Lauren Ito is a Gosei poet, organizer, and designer who believes liberatory futures begin with creating in community. Lauren delves into the tensions inherited within diasporic experiences, spanning explorations of American concentration camps and the genealogy of home. Her work centers co-creative practices that weave across disciplines and generations. Lauren’s has been featured by The San Francisco Public Library, Japanese American National Museum, the BEAT Museum, Litquake and Mission Arts Performance Project. Her latest project, Political Inheritance, was an arts exhibition at the Oakland Asian Cultural Center, examining Asian and Pacific Islander communities’ relationships with political action.
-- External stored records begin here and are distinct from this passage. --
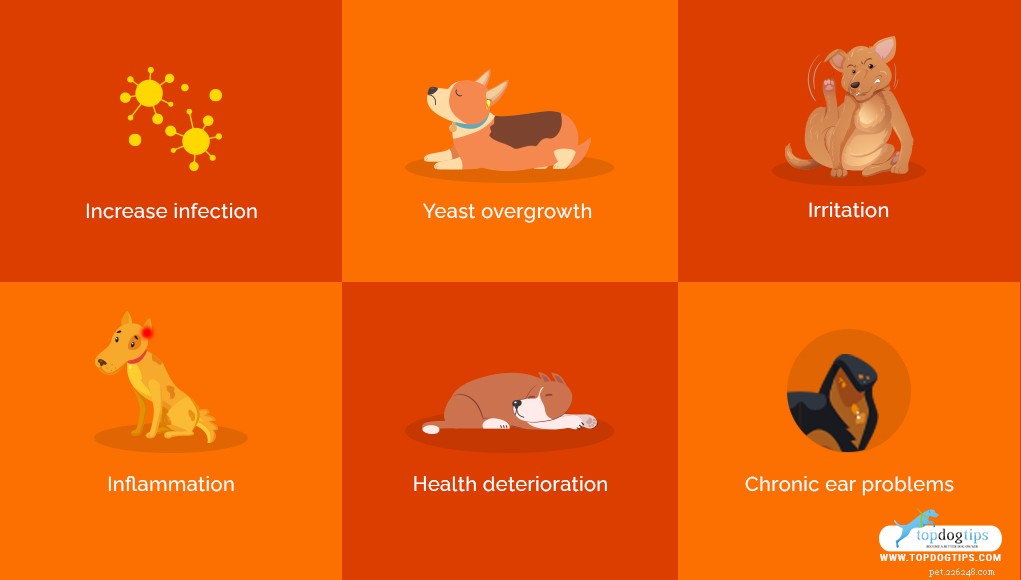 Dog Ear Care Guide: Expert Tips for Health & Happiness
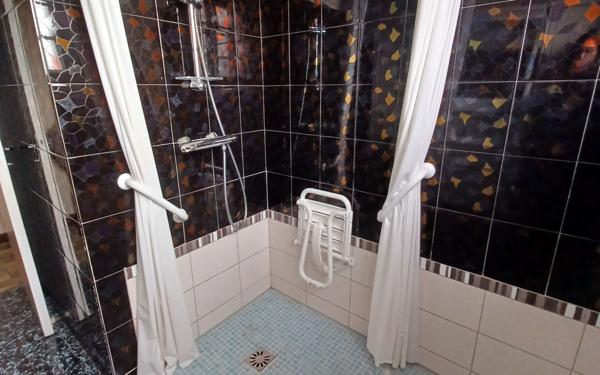 Maison à vendre    4 pièces •  Saint-Benoît-du-Sault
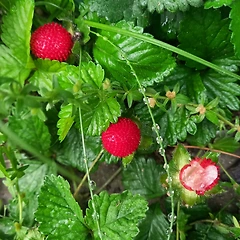 세 개의 태양 썸네일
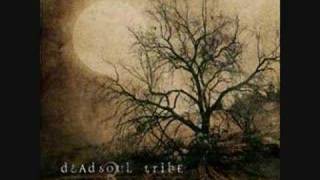 Dead soul tribe- Spiders and flies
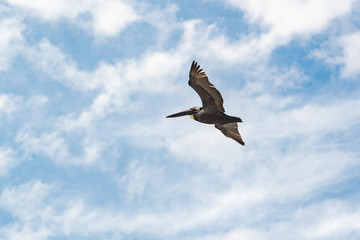 Brown Pelican flying in sky in Harris Neck Georgia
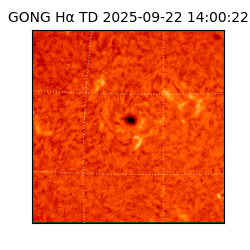 gong - 2025-09-22T14:00:22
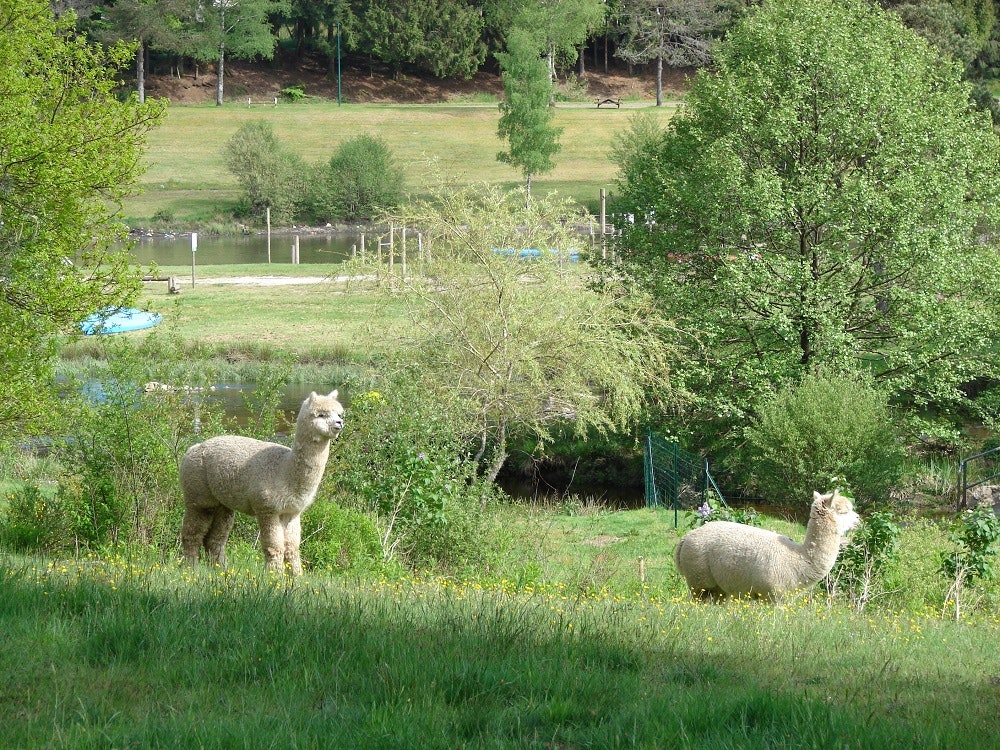 Camping Aux Portes Des Mille Sources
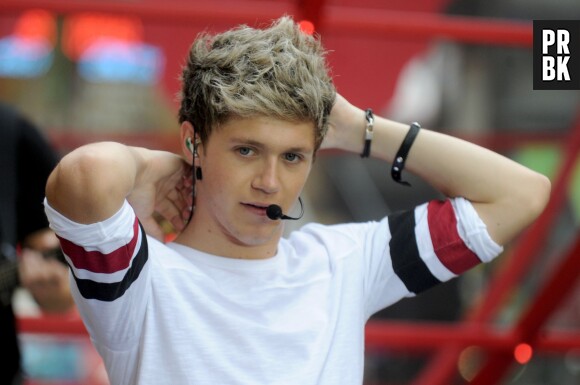 Niall Horan en couple avec Barabar Palvin ?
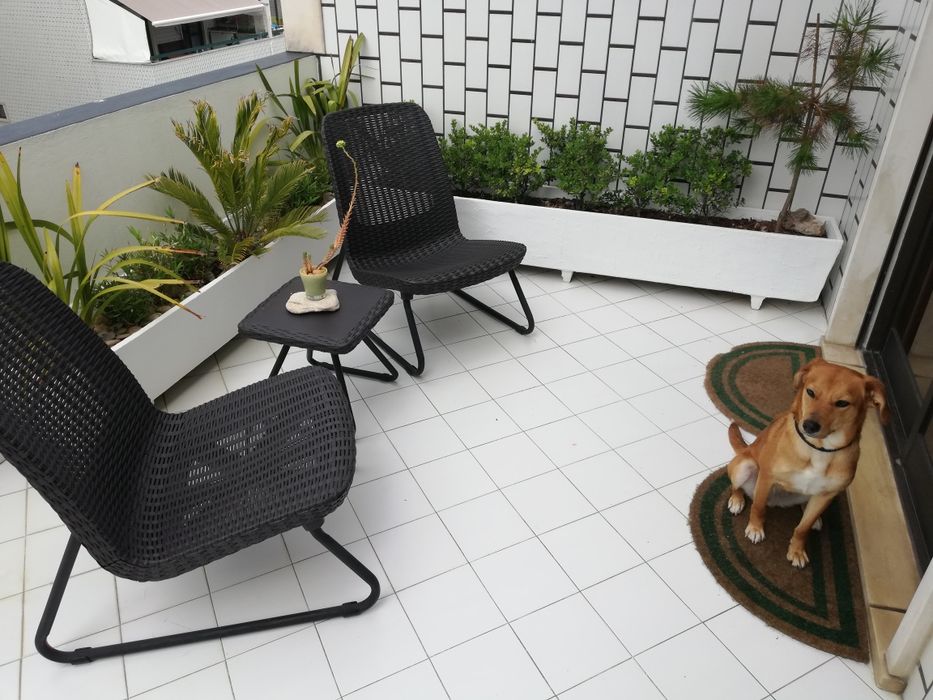 Conjunto de jardim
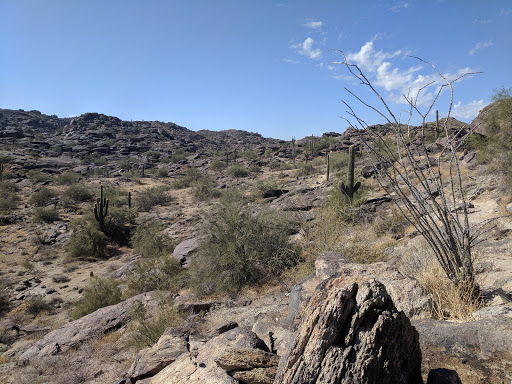 Park «South Mountain Park», reviews and photos, 10919 S Central Ave, Phoenix, AZ 85042, USA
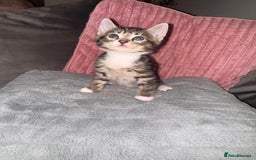 Mixed Breed cats for sale: Stunning mixed breed kittens  - Image 4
Fuifuilupe Niumeitolu is a Tongan/Pacific Islander scholar, storyteller and community organizer. Her literary work, community service and academic research are all interconnected and they center issues of: climate and environmental justice, ending violence against women, prison abolition and restorative justice and the protection of Indigenous sacred sites here in the Bay Area such as the West Berkeley Shellmound. She graduated with her PhD from the University of California, Berkeley in 2019 and is a University of California President’s Postdoctoral Fellow and Facilitator of the Oceania Research Working Group in the Department of Native American Studies at University of California, Davis. In Fall 2023, she became an Assistant Professor of Oceania: Pacific Islands Studies at the University of California, Santa Cruz. Fui is working with Pacific Islander writers and artists at the University of Hawai’i to organize exchange programs and collaborations to create: public talks, symposiums and publications between the UH and UC Santa Cruz with goals to introduce and to expand Pacific Islander literature and arts to a wider audience that includes the Bay Area, California.

 

Led by CAMP,  Manifest Differently is a new project developed, curated, and led by Megan Wilson and Kim Shuck with support from independent curator Trisha Lagaso Goldberg. In 2023/24, we are working with 38 diverse, multigenerational visual/media artists and poets to interrogate the history of Manifest Destiny and its legacies of inherited and perpetuated violence, trauma, and addiction. The outgrowth of resistance and resilience – giving fire to movements for social/ culture change. The project will be presented in 2023/24 at seven locations – Clarion Alley Mural Project (CAMP), Artists’ Television Access (ATA), Minnesota Street Project, Yerba Buena Center for the Arts (YBCA)Book Castle, the Beat Museum, and the San Francisco Public Library.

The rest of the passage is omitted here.